> _Brief_
The lines below, from the one containing "Italian POW Chapel in Texas" through the one containing "Music from the Eton Choirbook", should be set down exactly, with no pictures and nothing else.

> _Material for this exercise_
-- -- --
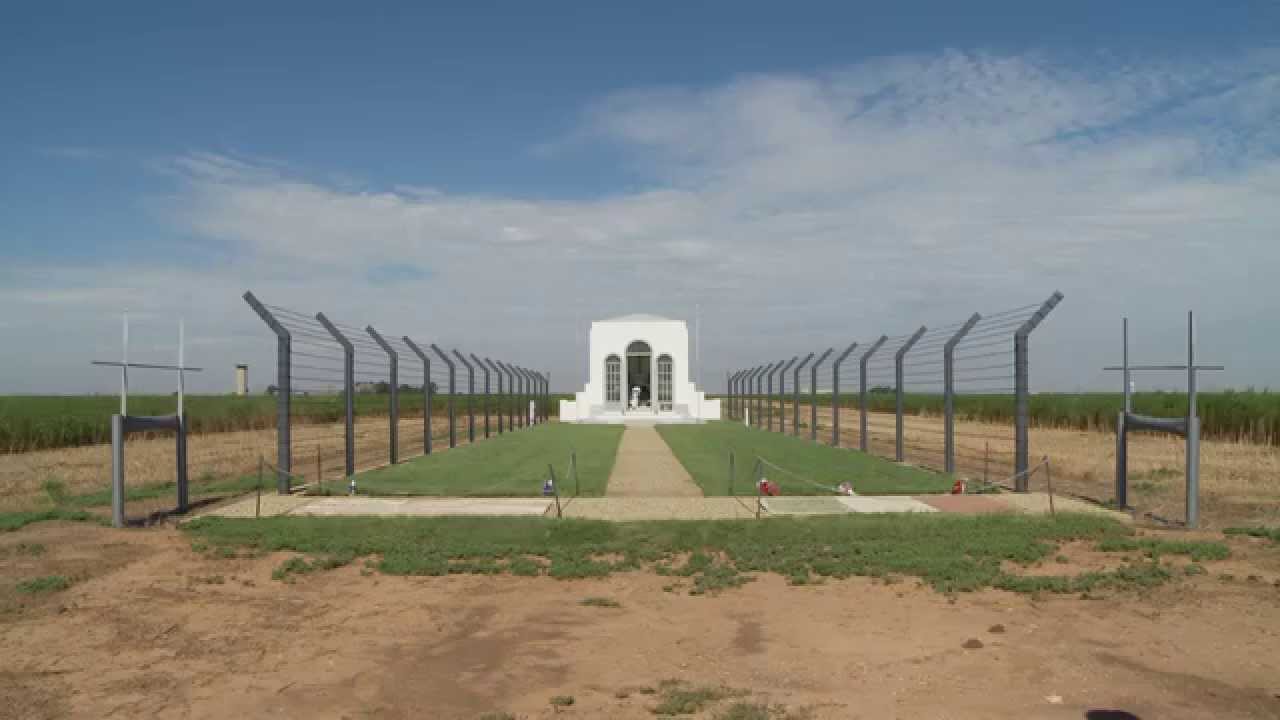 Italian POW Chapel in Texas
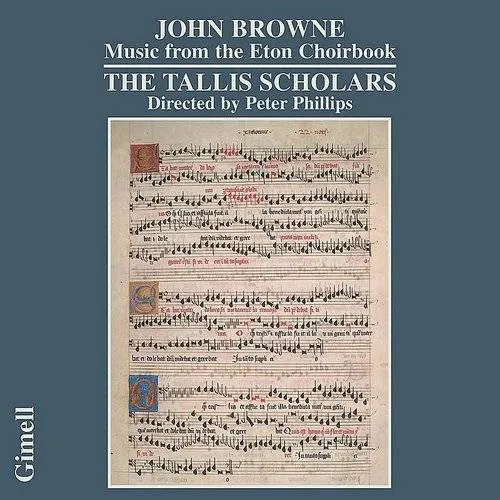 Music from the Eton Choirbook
-- -- --
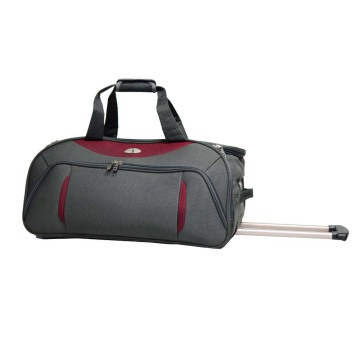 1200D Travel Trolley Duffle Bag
-- -- --
> _Solution for this problem_
 Italian POW Chapel in Texas
 Music from the Eton Choirbook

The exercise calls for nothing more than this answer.